I wanted to write this post in August, but I couldn't get myself to do it...

In the first decade of 21st century role-playing games were still a huge deal in Poland, much more popular than board games. Two most popular systems were Warhammer Fantasy Roleplay and Neuroshima. Ignacy Trzewiczek was the Polish guru of the former and his for years completely unprofitable publishing house, Portal Games, was the publisher of the latter. Neuroshima was the first true success of the firm, allowed it to survive and to slowly abandon RPGs in favour of, as it turned out, much more profitable board games.

So I used to be into RPGs, since it was the default activity of guys being into fantasy. It never was a true passion, I wasn't playing a lot (a couple of dozens of sessions over 10 years or so). However, I loved reading source books, scenarios, creating NPCs etc.

From gallery of Galatolol

My RPG shelf. On right Warhammer 2nd edition, then Neuroshima, and some random books

After I had fully discovered modern board games, I still happened to play a session of Neuroshima, but at every time I felt I'd rather play a board game. The logical conclusion was to abandon RPGs all along.

(One exception being brilliant InSpectres, a game that doesn't need much preparation and can be played in any setting)

When I established a (board) gaming group with friends, one of them wanted to try some RPGs and I refused. That was 7 years ago.

Now back to May of 2019. I talked with the same friend, and he raised the subject again, because he read some Cyberpunk source books and saw a bunch of kids playing (apparently the hobby is slightly less dead than I thought). Funnily enough, one day earlier I bought a Dog Eat Dog PDF, just to read out of curiosity how the theme is implemented. This time I agreed to play something the upcoming Summer.

I knew we had to choose a one-shot game that doesn't require to learn about lore. I made a research, again was buying many books (but this time in PDF), and Fiasco looked the most promising.

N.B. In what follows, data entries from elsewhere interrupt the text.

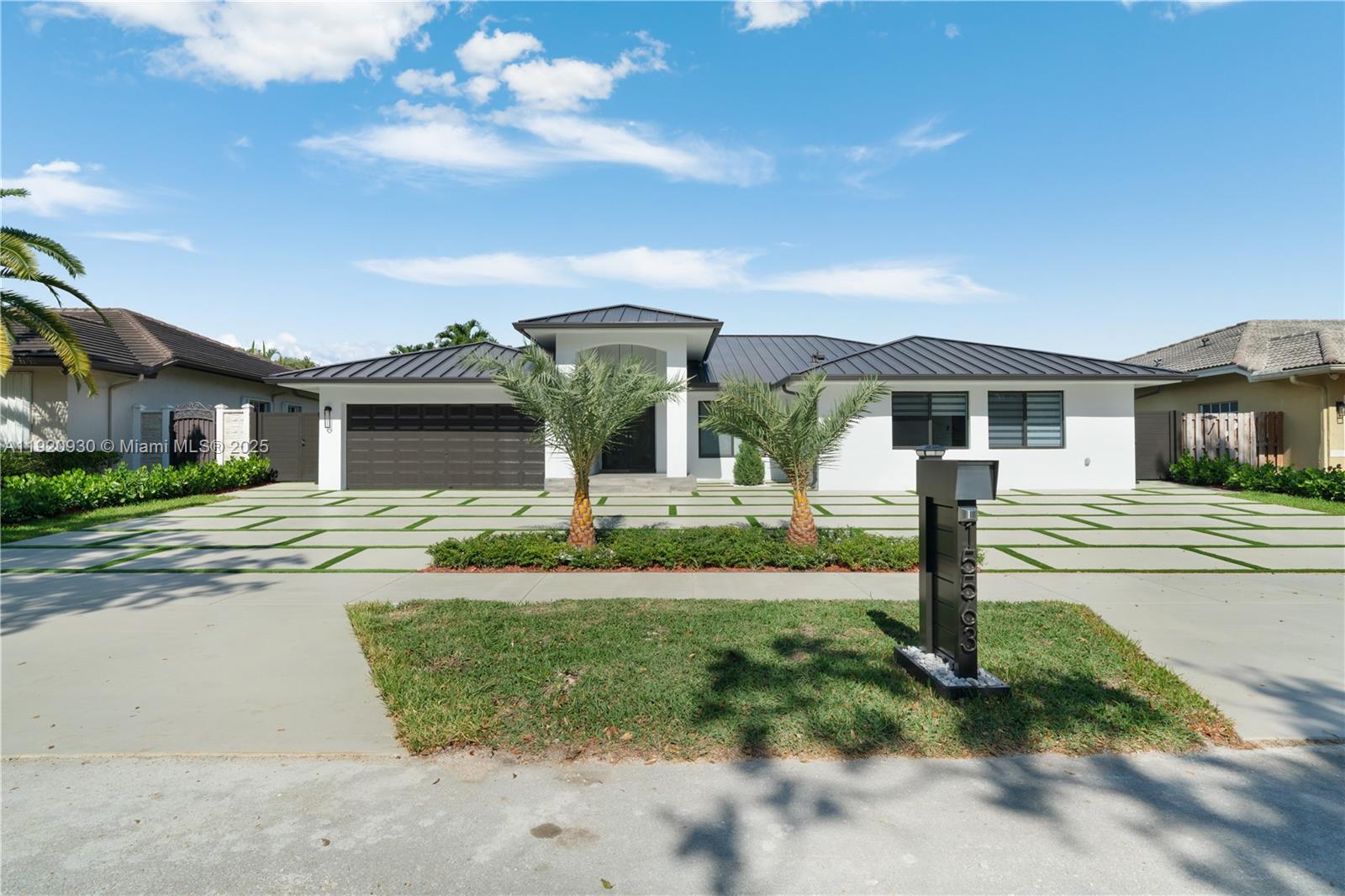 HAMMOCKS SHORES 3RD ADDN - Residential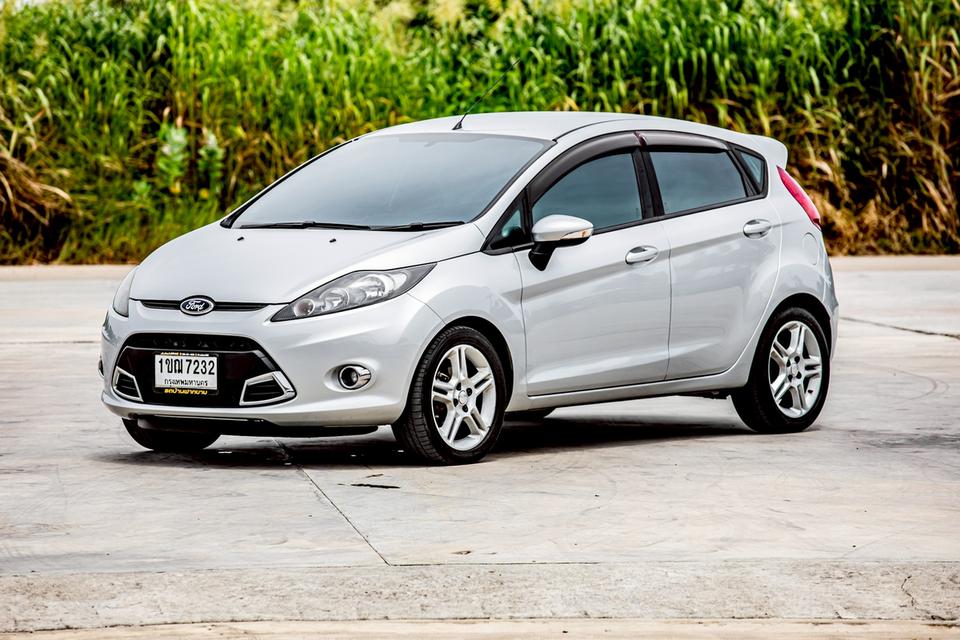 Ford Fiesta 1.5 Sport 5 ประตู สีเทา เกียร์ออโต้ ปี 2010 สวย สภาพดี  10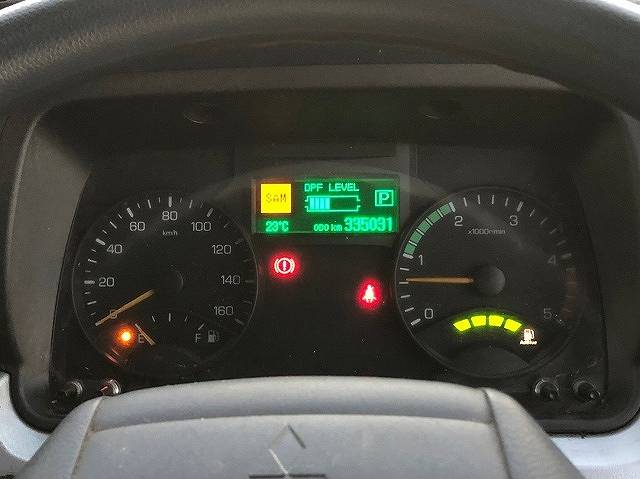 三菱ふそうキャンターアルミウイング小型（2t・3t）[写真21]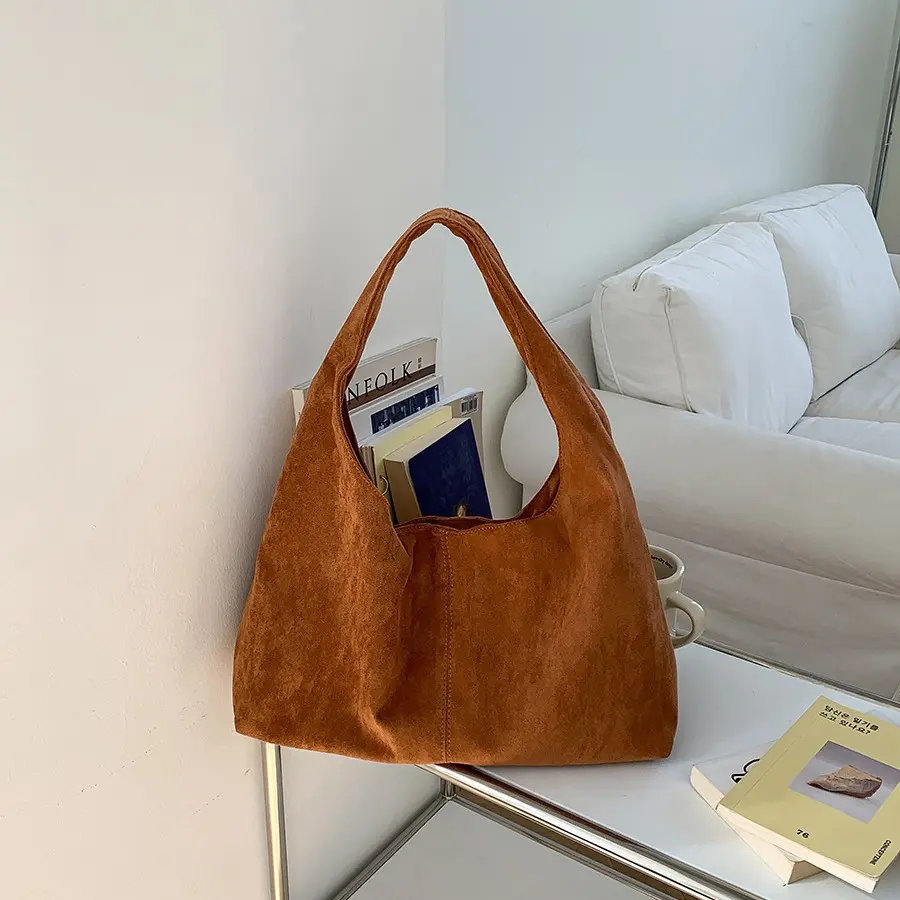 Vintage Half Moon Tote Bag Large Capacity Faux Suede Shoulder Bags for Women Designer Handbags Autumn Frosted Shopper Purses NEW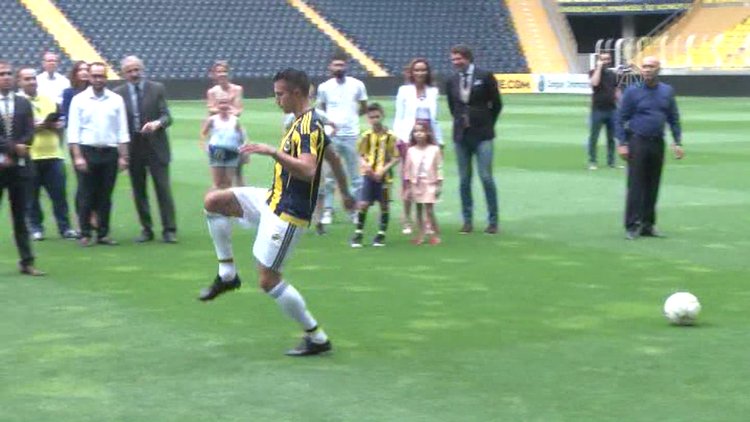 Van Persie, taraftar önünde imza attı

I heard about the game before, but wasn't interested since I'm not into movies and rarely watch them. This time, seeing that Fiasco was recommended by virtually everyone, I decided to look into it. This video bought me and I knew I had to try it.

Over the summer I manged to play Fiasco 3 times, with different friends, most of whom hadn't played an RPG before, and we had a blast.

This is truly a role-playing game. It is set in the real world (at least most of the playsets), so getting into character is easy. The game is just hilarious. It is GM-less, so the players have to collectively assure the coherence of the story, which isn't an easy task without revealing too much of what we want to do next... Once we know how to do it better, there should be some plot twists and more of unclear intentions.

I doubt that this experience made me or others want to try a classic, campaign-oriented system, but we're certainly will often get back to Fiasco.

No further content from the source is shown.